Nelson Mandela Bay municipal spokesman Kupido Baron said last night: “These violent actions do not belong in a peace-loving society.”

He added that workers at a BRT construction site in Govan Mbeki Avenue were attacked and offices stoned.

However a defiant metro public transport forum spokesman Melekile Hani told The Herald last night: “We are pledging our solidarity to our comrades. We are not going back to work! Until the municipality agrees to suspend work at BRT sites, and we secure the release of our arrested comrades, the strike continues. We apologise to commuters, but they must understand we are at war!”

Meanwhile, Port Elizabeth Regional Chamber of Commerce and Industry chief executive Odwa Mtati said the strike had “succeeded in causing maximum disruption” to businesses. “The shock of it was that no warnings were issued, so it‘s been very disruptive, especially since large parts of the industry only re-opened on Monday.”

The motor industry, particularly General Motors SA, was hit hard. GMSA spokesman Denise van Huyssteen said: “We are disappointed by the surprise strike, which has impacted on our ability to assemble vehicles.

“We only resumed full operations yesterday following a four-week break. Such actions send negative signals about doing business in this country, particularly at a time when we should be promoting political and economic stability.”

Eveready “definitely felt the impact of the strike”, spokesman Curt Bosman said. “Our workers on the afternoon shift have to leave earlier because they won‘t find taxis later, so we‘ll have to stop production. We might not even have nightshift.”
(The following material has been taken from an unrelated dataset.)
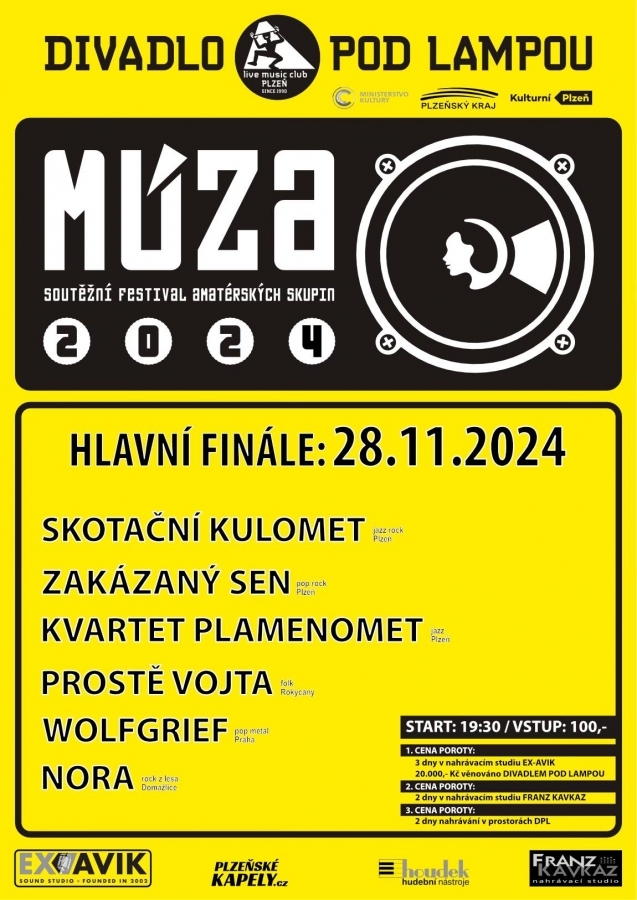 Hlavní finále Múzy 2024 je na spadnutí, o ceny nejvyšší zabojuje šestice kapel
The DA also condemned the violence and chaos. Eastern Cape transport spokesman Pine Pienaar said: “The situation is just not acceptable”.

Kupido said the strike was especially disappointing “since this disruptive behaviour followed after an important meeting on Tuesday between the mayor and the industry.

“A task team consisting of representatives of the taxi industry and the municipality was established with the sole mandate to prepare for a transport indaba which will address the concerns of role-players in the industry.

“Despite this progressive step, some members of the taxi industry still went ahead with strike action and as a result inconvenienced many commuters who unfortunately rely solely on public transport.”